We do have some photos from the trip already, graciously taken and shared by Sabrina Burton Shultz, our Director of Life Ministry and Jackie Briggs, Campus Minister at St. Petersburg Catholic High School. You can see the photos by clicking here. More photos will be added to that album as they are received.

So it is back home this morning and hard at it till Easter.

Tonight I will be hearing confessions from five p.m. to seven p.m. as we offer our annual THE LIGHT IS ON FOR YOU opportunity for all to experience the healing graces of the sacrament of penance and reconciliation.

I invite you to come to Confession at one of our parishes tonight. EVERY Catholic Church in the diocese will turn on its lights and open its doors for YOU. Here is a short guide on Reconciliation in English and Spanish should you need it.

 2014_LIOFY_letter_final

 It will be nice to be back home.

+RNL

BACK TO THE FUTURE

Monday, March 24th, 2014

I am giving an anniversary party this Saturday morning, March 29, 2014 and you are all invited.

It will be held at the Cathedral of St. Jude the Apostle in St. Petersburg beginning at 9:00 a.m. and will end no later than 1:00 p.m. What’s the occasion, you ask?

2014_Sacred_Liturgy_Poster_8.5x11

Last December the universal Church celebrated the fiftieth anniversary of the first document to emerge from the Second Vatican Council entitled Sacrosanctum Concilium. We know it better as the “Constitution on the Sacred Liturgy” and it was to change, rather quickly; some might say too quickly, the manner, language and style of Catholic worship.

Out, or so it seemed, went the use of Latin as the universal language of the liturgy; gone, or so it seemed went much of the music which Catholics of my age and generation had grown up with.
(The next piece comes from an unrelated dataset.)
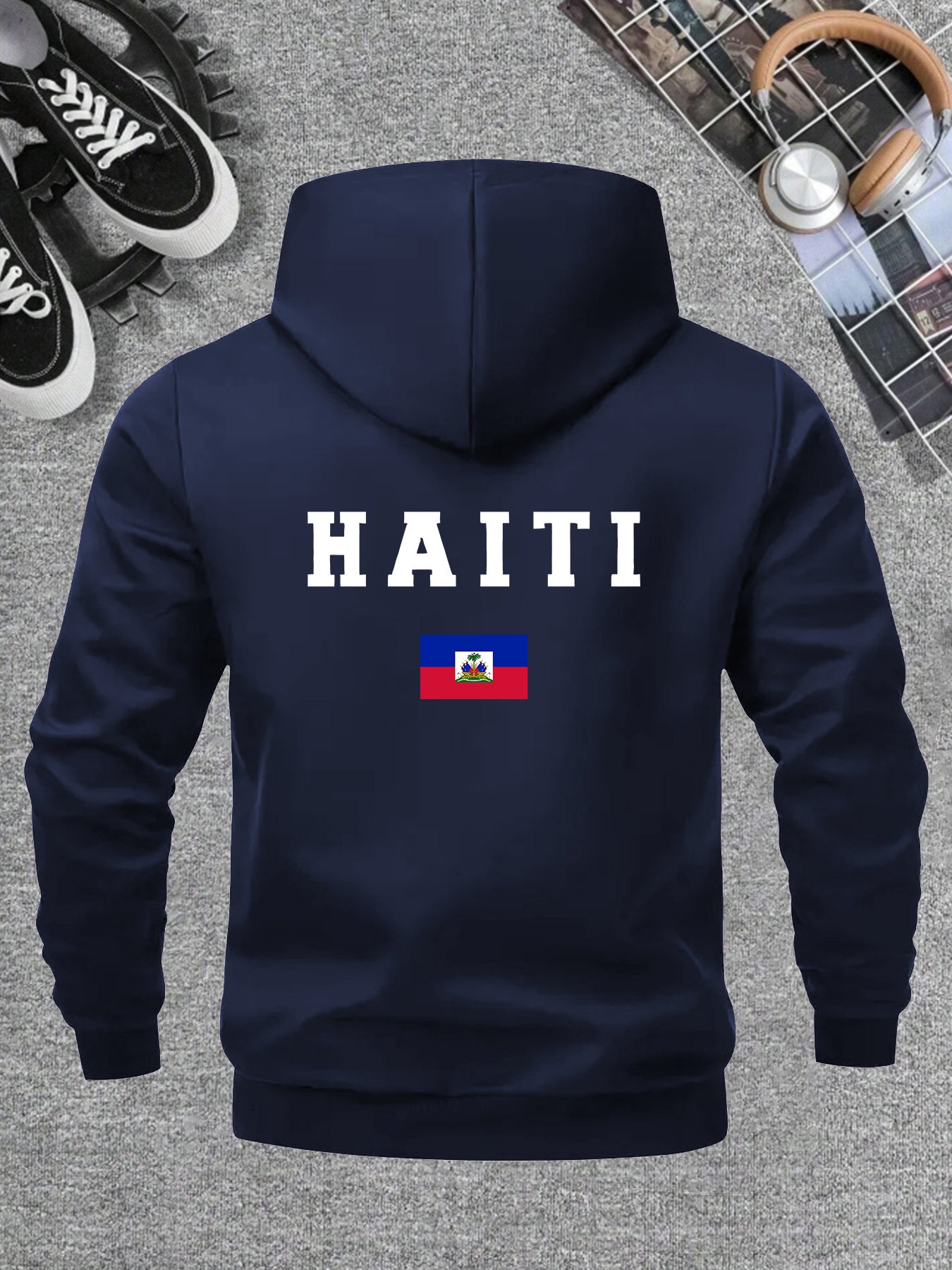 Men’s Haiti Flag Hooded Jacket – Casual Zip-Up Sportswear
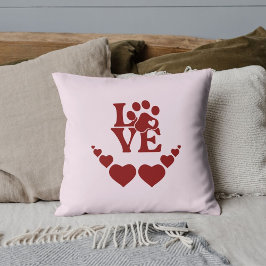 Personalized Pet Lovers Red Heart Valentine's Day Kissen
The seeming mystery of sacred action taken by the priest with his back to the congregation quickly gave way to moving and shifting altars so that suddenly the priest was facing the people and they, in turn, were encouraged to full, conscious and active participation in the liturgy.

I am absolutely certain that had the Council fathers not seen to the reform and renewal of the sacred liturgy there would be far, far fewer Catholics in the pews today than we currently enjoy.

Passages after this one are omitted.